Required action
Only one stretch of the data below is wanted: the lines starting at the one with "Attico in vendita a Salò, Brescia" and ending at the one with "-派丽莫Pellimo原创设计婚纱品牌", both included, given again exactly.

Source information
===============
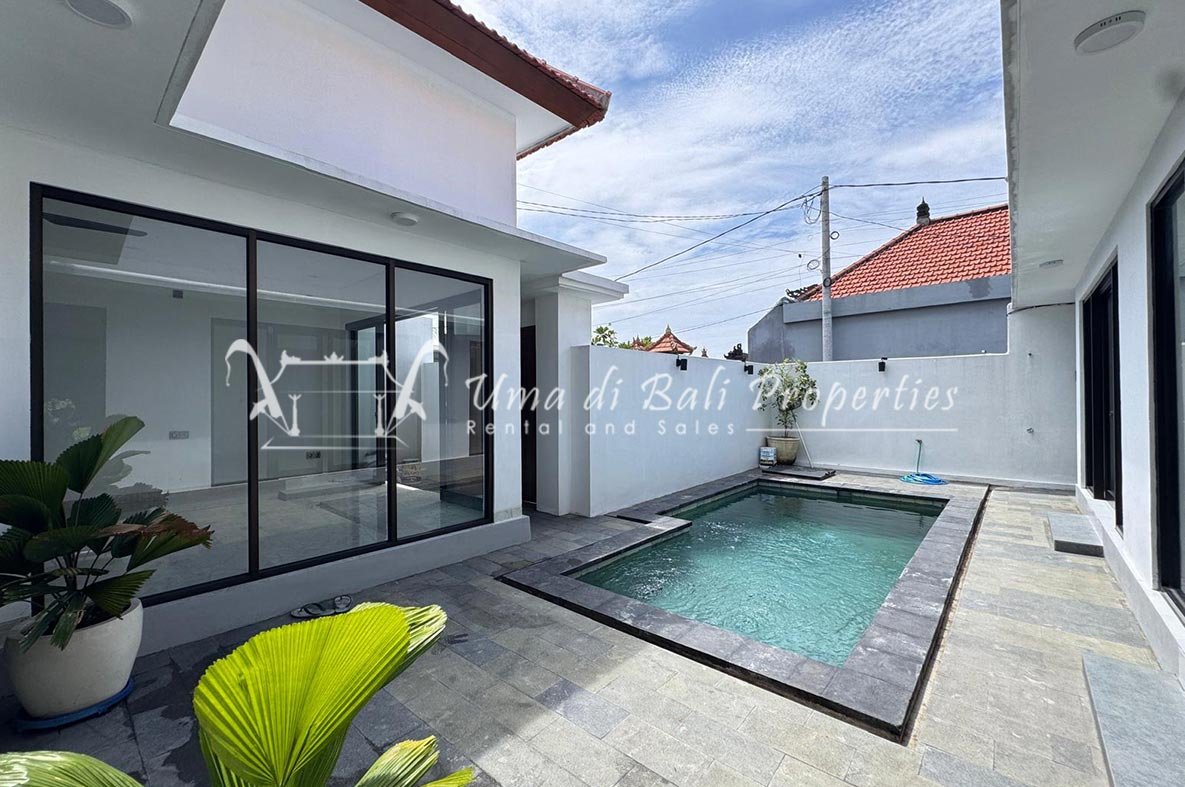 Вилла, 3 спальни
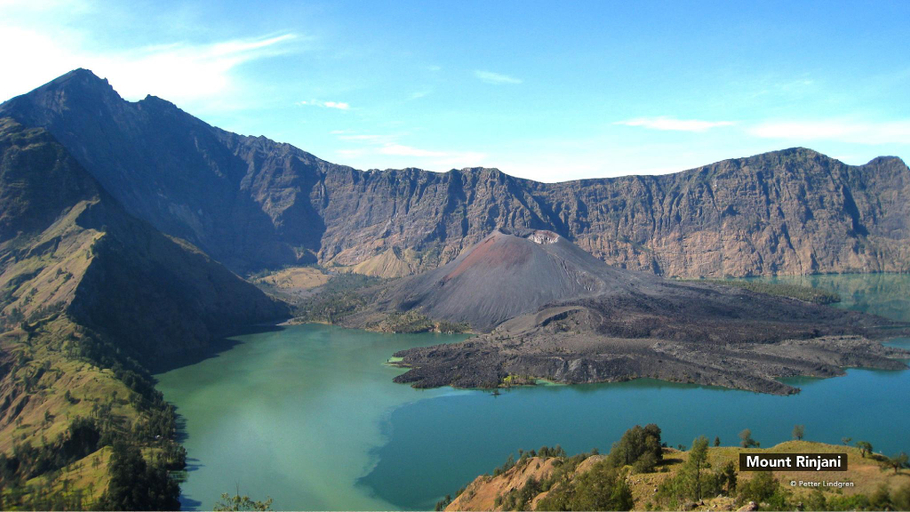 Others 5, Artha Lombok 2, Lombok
===============
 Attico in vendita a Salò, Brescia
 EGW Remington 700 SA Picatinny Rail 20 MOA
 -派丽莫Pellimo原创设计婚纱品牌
===============
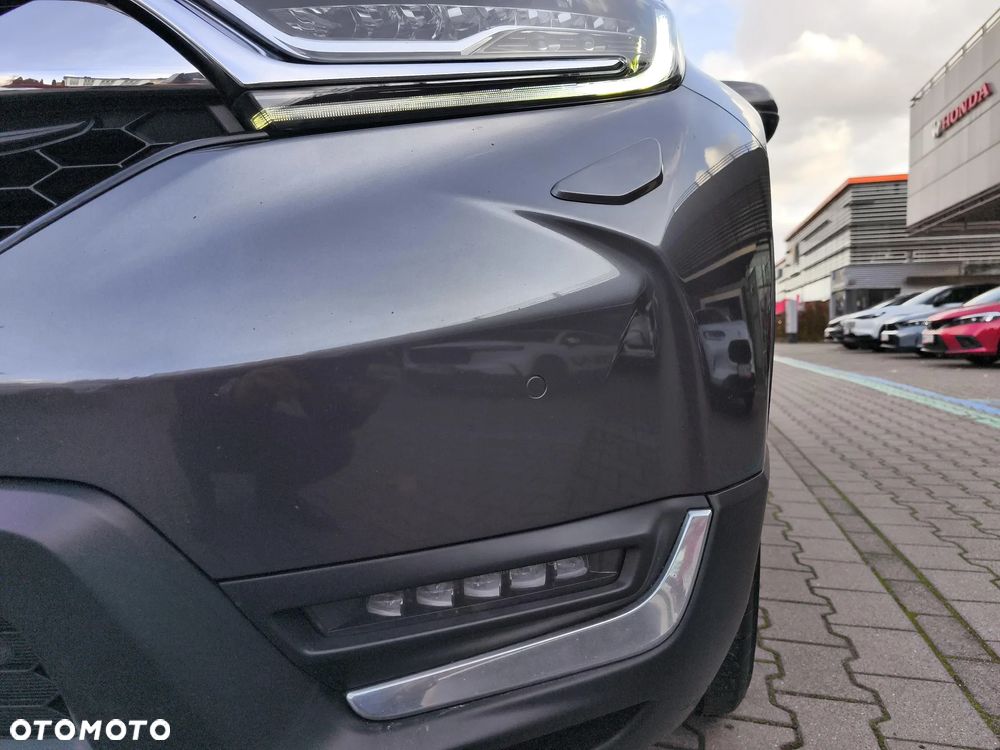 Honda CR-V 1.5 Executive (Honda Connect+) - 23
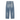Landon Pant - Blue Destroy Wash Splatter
===============
Answer space
 Attico in vendita a Salò, Brescia
 EGW Remington 700 SA Picatinny Rail 20 MOA
 -派丽莫Pellimo原创设计婚纱品牌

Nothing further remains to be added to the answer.